Frank Ankersmit laat doorheen het onderzoek zien dat hij presenteert onder de
titel: Wetenschap, geschiedenis, de ambachtsman en de politicus[i],
dat we wij het benaderen van de werkelijkheid gemakzuchtig aannemen dat
wetenschappelijk verworven inzichten beter zijn, terwijl ze sinds Newton ook
wel een heel eigen specifieke invloed hebben gehad. De algemene geldigheid van
wetenschappelijke inzichten, dus zeker in de natuurkunde en de chemie, hebben
onze samenleving onvoorstelbaar veranderd en de sprongen sinds 1860 zijn zo
mogelijk nog groter. Het belang van wetenschappen kan men nauwelijks
onderschatten, maar de prijs ervan, wanneer men die gedachte overzet naar de
politiek, waar men ook graag evidence based te
werk zegt te gaan, maar dat heeft gevolgen die voor het politieke niet zo
wenselijk blijken. Wat is immers "evidence based"? Discussie over
object of methode komen zelden aan bod in het publieke debat.
Valt
het niet op hoezeer politieke wetenschappers en sociale wetenschappers,
economen ook vaak met grootheden te werk gaan, met massa's data die volgens
zeer specifieke methodes bewerkt worden, maar waarvan wel al eens gebleken is
dat ze niet geheel accuraat de werkelijkheid beschrijven. Een samenleving
beschrijven blijft overigens behoorlijk heikel, ook al omdat we er minder
gemakkelijk zicht op krijgen dan wetenschappers graag zouden willen. Hoe
handelen mensen doordeweeks? De banaliteit van huwelijken, scheidingen, de
sleur der dagen en zoveel meer kan men niet enkel in cijfers vatten. Nog minder
dat mensen deze gebeurtenissen niet als banaal ervaren, maar ingrijpend in hun
eigen bestaan, maakt dat de cijfers slechts de illusie van inzicht wekken. Nu
is dat volgens Ankersmit ook wel een van de bijzondere aspecten van het werk
van Johan Huizinga, dat hij niet zomaar geloofde in het hanteren van ambtelijke
bescheiden, al droeg hij met zijn archiefonderzoek in Haarlem wel bij tot een
meer adequate geschiedschrijving van de stad.
Over
de sublieme historische sensatie kan ik nog niet geheel beslagen op het ijs
komen, maar wel over de gedachte die Ankersmit uitwerkt en ons zou moeten
bezighouden. Van de grootheden en wetmatigheden waarmee wetenschappers werken
kan men zeggen hebben onze wereld veranderd, maar in wezen veranderen zij
zelden iets aan materie, aan dingen. De ambachtsman zal de wereld niet
veranderen, maar in zijn omgang met de materie verandert hij wel een en ander.
De invloed van de ambachtsman is onmiddellijk en zijn vaardigheid om de
gewenste resultaten te bereiken kan niet zonder ervaring.
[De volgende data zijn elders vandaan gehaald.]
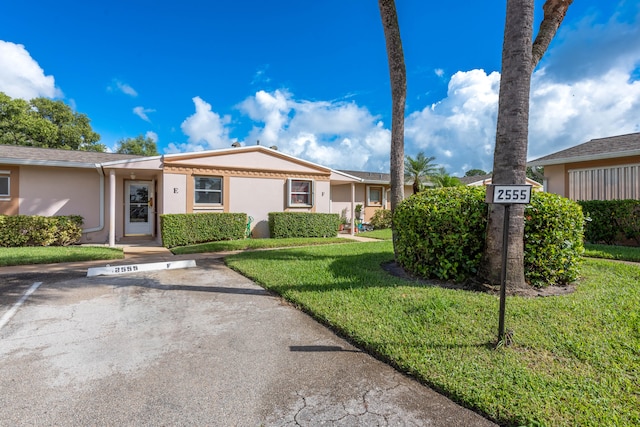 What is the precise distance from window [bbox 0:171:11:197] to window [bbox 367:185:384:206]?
16.1m

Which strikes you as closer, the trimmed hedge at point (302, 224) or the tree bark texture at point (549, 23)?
the tree bark texture at point (549, 23)

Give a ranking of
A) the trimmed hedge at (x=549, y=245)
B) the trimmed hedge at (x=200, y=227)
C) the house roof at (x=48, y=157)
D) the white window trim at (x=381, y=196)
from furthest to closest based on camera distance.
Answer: the white window trim at (x=381, y=196) < the trimmed hedge at (x=200, y=227) < the house roof at (x=48, y=157) < the trimmed hedge at (x=549, y=245)

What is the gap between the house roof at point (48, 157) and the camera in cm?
1018

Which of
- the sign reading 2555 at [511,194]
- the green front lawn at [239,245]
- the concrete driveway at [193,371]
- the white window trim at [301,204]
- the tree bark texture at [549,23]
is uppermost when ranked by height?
the tree bark texture at [549,23]

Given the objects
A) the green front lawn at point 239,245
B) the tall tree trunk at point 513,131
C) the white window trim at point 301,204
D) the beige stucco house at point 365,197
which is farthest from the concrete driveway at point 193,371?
the beige stucco house at point 365,197

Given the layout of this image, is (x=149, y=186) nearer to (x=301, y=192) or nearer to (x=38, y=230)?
(x=38, y=230)

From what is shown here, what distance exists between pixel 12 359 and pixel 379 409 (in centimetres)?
345

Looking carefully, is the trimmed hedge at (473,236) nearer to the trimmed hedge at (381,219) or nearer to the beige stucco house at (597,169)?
the beige stucco house at (597,169)

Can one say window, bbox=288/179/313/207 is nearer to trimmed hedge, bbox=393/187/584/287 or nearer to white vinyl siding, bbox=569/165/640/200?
trimmed hedge, bbox=393/187/584/287

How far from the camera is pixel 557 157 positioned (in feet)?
39.0

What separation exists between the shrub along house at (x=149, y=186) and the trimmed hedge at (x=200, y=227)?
2.43 ft

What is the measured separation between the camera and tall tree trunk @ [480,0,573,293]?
14.8 feet

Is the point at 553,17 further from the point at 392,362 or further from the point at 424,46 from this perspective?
the point at 392,362

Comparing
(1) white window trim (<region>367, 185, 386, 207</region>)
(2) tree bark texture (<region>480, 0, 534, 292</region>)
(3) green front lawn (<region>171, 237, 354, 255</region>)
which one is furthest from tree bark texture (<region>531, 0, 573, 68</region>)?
(1) white window trim (<region>367, 185, 386, 207</region>)
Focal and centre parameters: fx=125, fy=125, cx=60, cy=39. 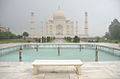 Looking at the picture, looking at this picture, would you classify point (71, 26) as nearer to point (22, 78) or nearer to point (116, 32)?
point (116, 32)

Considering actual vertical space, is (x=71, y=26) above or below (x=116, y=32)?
above

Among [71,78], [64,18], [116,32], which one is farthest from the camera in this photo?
[64,18]

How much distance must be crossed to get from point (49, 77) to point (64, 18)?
39566mm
Richard Sennett
gebruikte ook het beeld van de ambachtsman en diens ervaring als een
belangrijke notie in nieuwe, andere toepassingsgebieden. Het is in deze zin dat
Ankersmit poneert dat de omgang van politici met de res publica en hun invloed
op de samenleving beter vanuit een ambachtelijke benadering werken, dan vanuit
een wetenschappelijke.
Waar
zou het verschil dan in tot uiting moeten komen, want geheel duidelijk kan zo
een uitspraak niet zijn, tenzij men juist de samenleving en het politieke als
een bijzondere materie wil beschouwen. Dan, suggereert Ankersmit dat politici
zich niet in de wetmatigheden van de samenleving kunnen verdiepen en dat
bepaalde wetmatigheden die men in het politieke bedrijf graag ter sprake
brengt, misschien niet veel betekenis hebben als het op politiek handelen
aankomt. De auteur verwijst dan naar Karl Marx die uitlegde dat men verandering
niet bereikt op grond van wetenschappelijke politieke gegevens, wel als men
politieke ervaring opbouwt. Wellicht is Geert Wilders hier een toonbeeld van,
want ook bij Ankersmit merken we dat politici al eens een bain de foule moeten
accepteren; neen, politici moeten echt met mensen praten, in wat de Amerikanen
de caucus noemen, die niet enkel bij verkiezingen ingericht wordt maar door
volksvertegenwoordigers tijdens de zittijd, om beter te vatten wat gaande is.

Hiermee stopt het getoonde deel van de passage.